Even when an individual's location service is disabled, Android would gather the addresses of nearby cellular towers and then share this data with Google, a practice it began at the start of 2017, according to the Quartz report. 

"The result is that Google, the unit of Alphabet behind Android, has access to data about individuals’ locations and their movements that go far beyond a reasonable consumer expectation of privacy," the Quartz report says.

The report said the inability to turn off the location services in Android poses a risk for individuals who want to conceal their location for security purposes, like law enforcement officials and victims of domestic abuse.

"All that it takes for users to expose themselves to this collection is to once allow an ambiguously described feature, for example when trying to display photos on a map on the Google Photo service, silently enabling the feature across devices with no expiration date," the senators wrote.

The data collection also reportedly continues to take place even when the phone has been reset to its factory condition, its SIM card has been removed, or when no apps are running on the cellular device.

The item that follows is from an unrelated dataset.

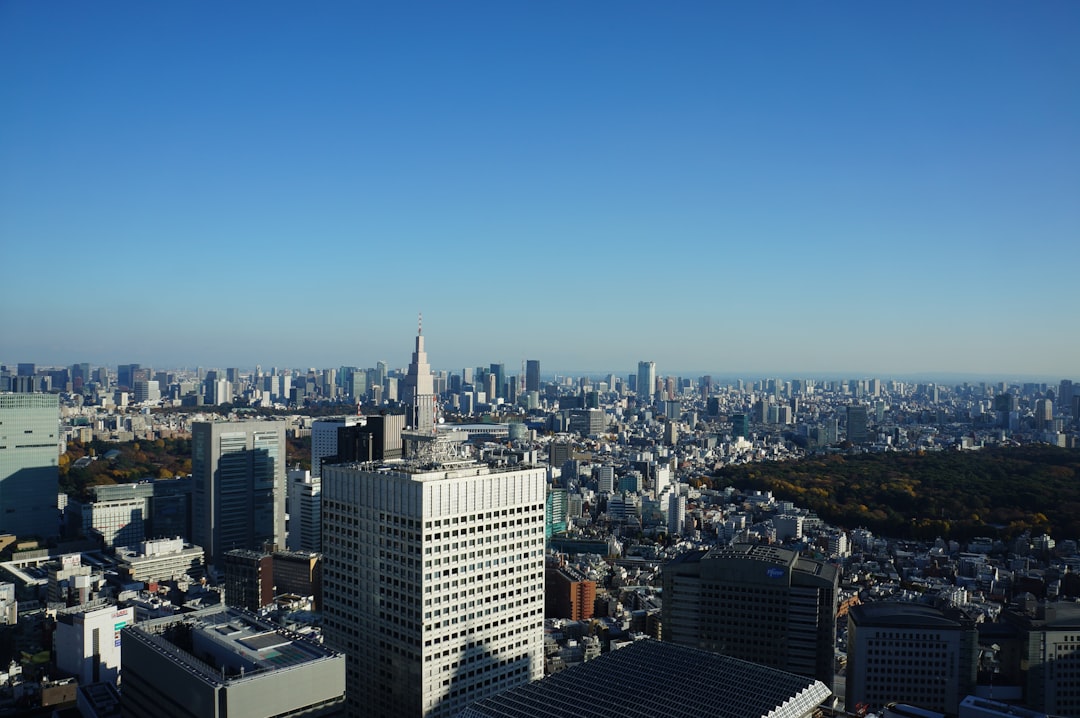 EUR/AUD currency pair charts and interest rate data visualization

Google told the news outlet in November that the location information was never stored or used; it was rather used to "further improve the speed and performance of message delivery."

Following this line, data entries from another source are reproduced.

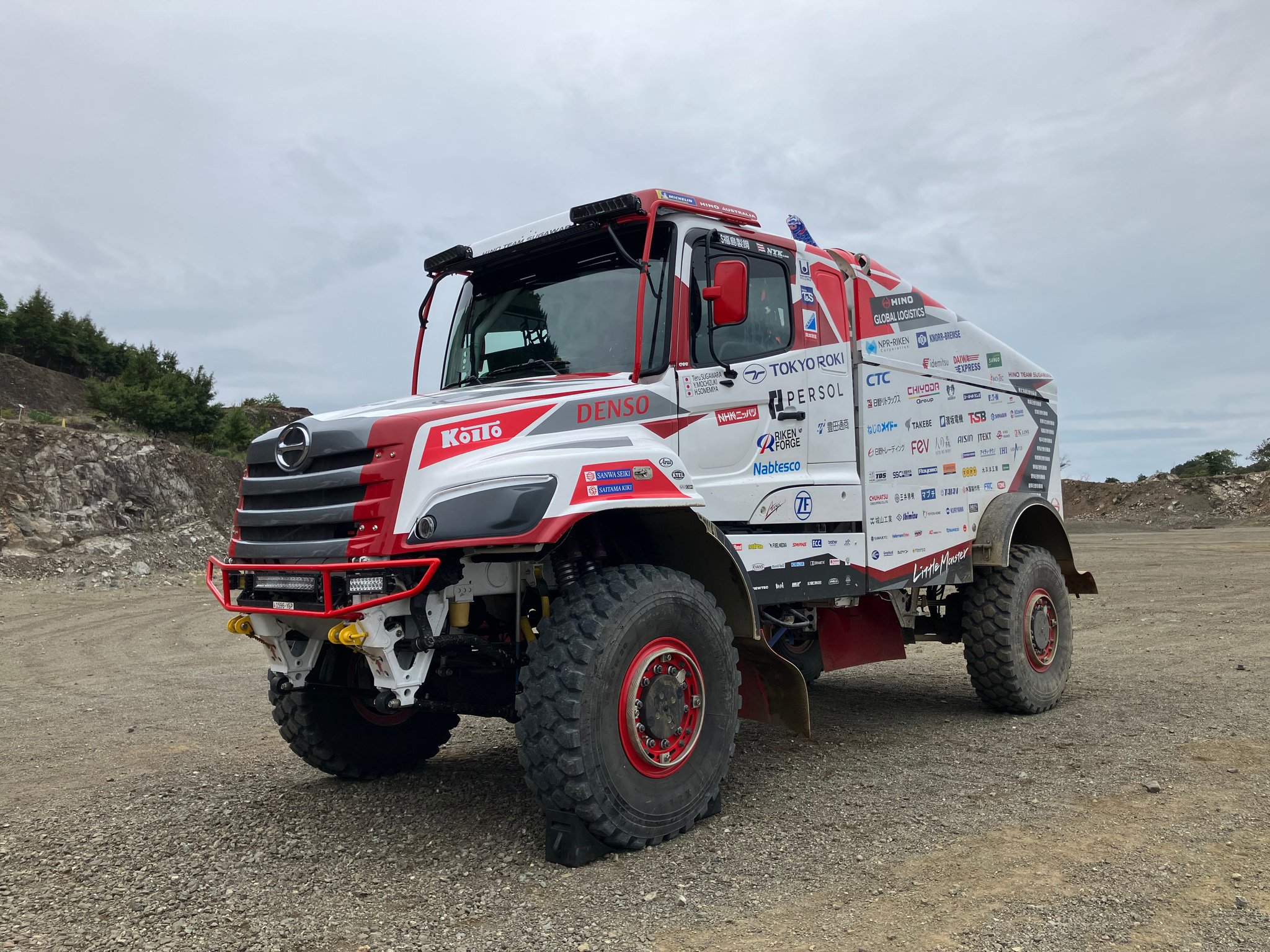 HINO 500シリーズ　ダカールラリー2011メモリアルモデル　新品未開封 61rhQGCagOL._AC_SY200_QL15_.jpg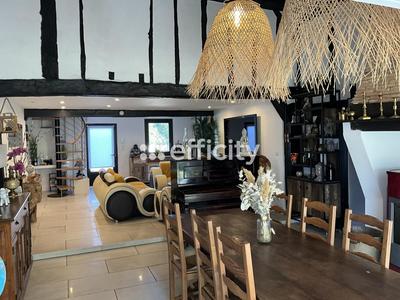 Maison - 160 m² - 5 pièces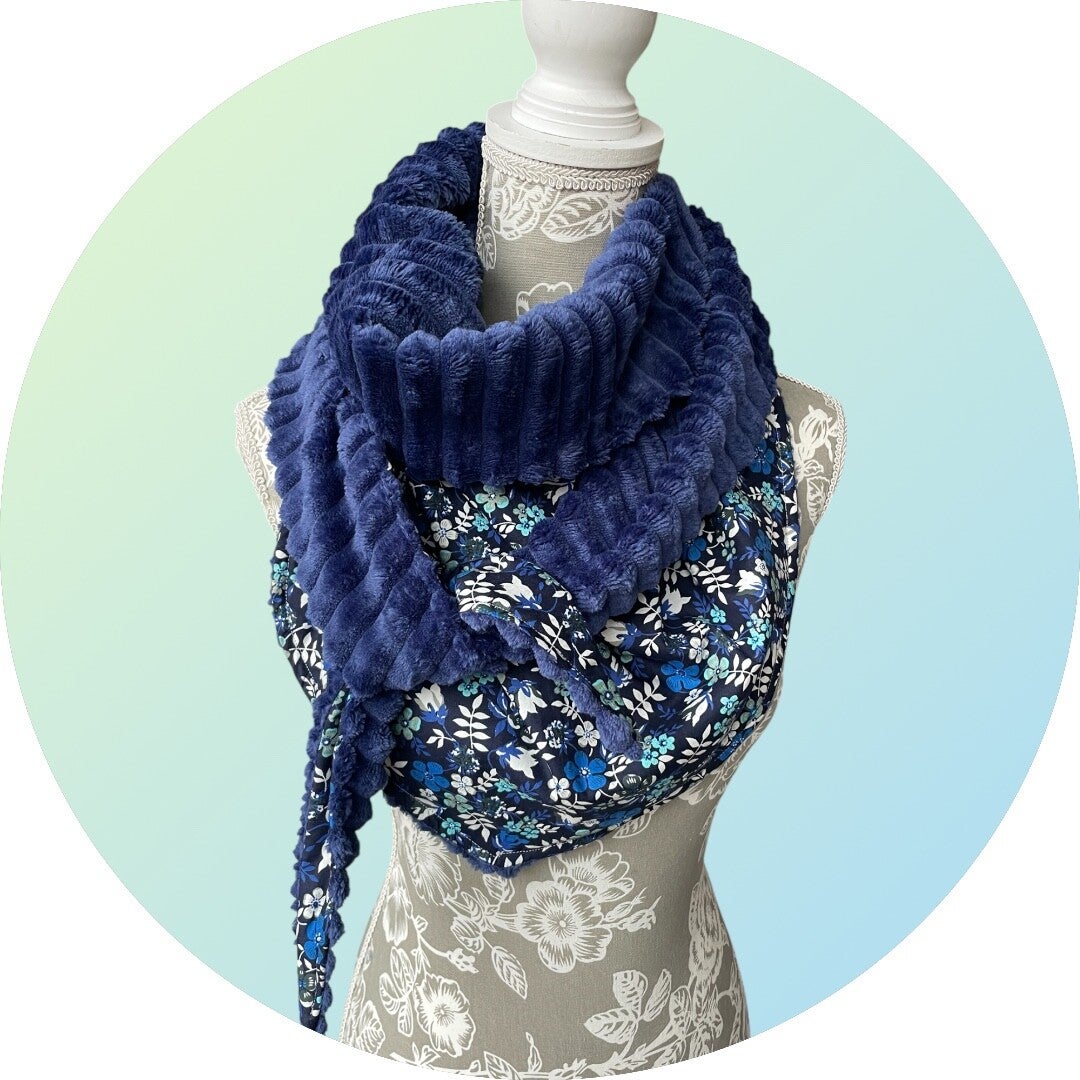 Chèche femme en coton fleuri doublure Minky côtelé bleu foncé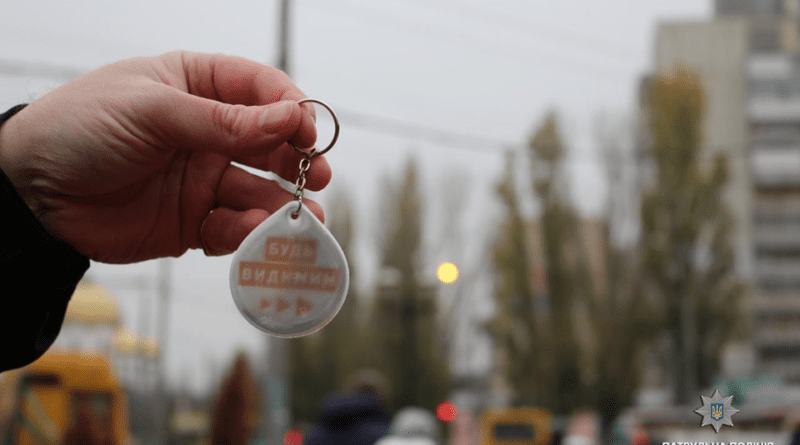 В Одессе патрульные подарили детям фликеры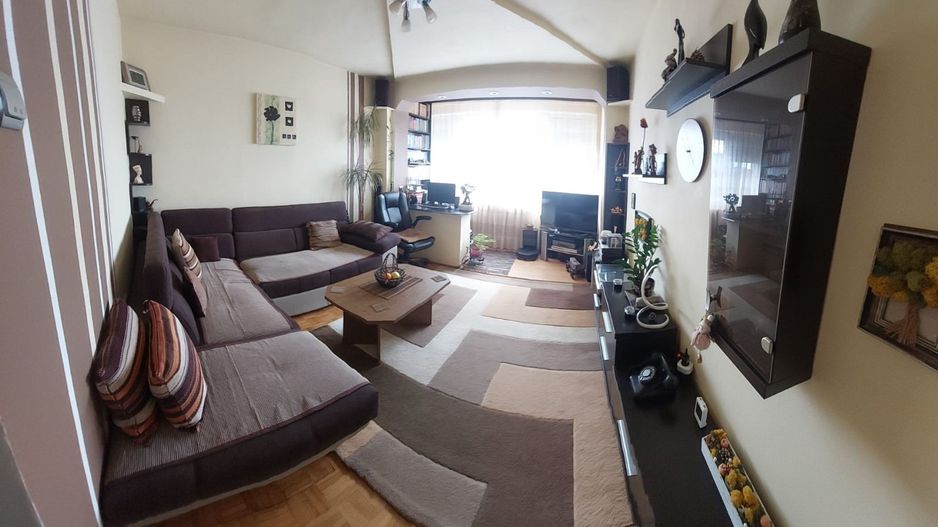 De vanzare apartament 2 Cam mobilat Romanilor Arad GARAJ, 5/10 - Poză 2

The company also told Quartz it will no longer send such data to Google, at least as part of this service that it offers.

Blumenthal and Markey said they asked Google CEO Sundar Pichai for answers, but received a response that raised further questions about their "characterization of basic consumer protection terms."

"Google claims Google Location History is opt-in, but both the device and application settings on Android phones frequently pushes users into providing 'consent,'" their letter reads.

"Often the actual user choice is a screen that provides two choices, neither of which is a clear 'No'. This set of options is inadequate and the confusing consent process is replicated throughout Android’s various settings, where location privacy is often mischaracterized or subdivided so few users could effectuate their choice to opt-out of Google’s location data gathering."

This information, the lawmakers argue, could be shared and used by advertisers.

"Google has an intimate understanding of personal lives as they watch their user’s seek the support of reproductive health services, engage in civic activities, or attend places of religious worship," Markey and Blumenthal write.

One example of this, the letter notes, is Google's ability to share blog posts about "holiday shopping habits" through the data it collects from users' Location History.

The Hill reached out to Google for comment on the lawmakers' letter.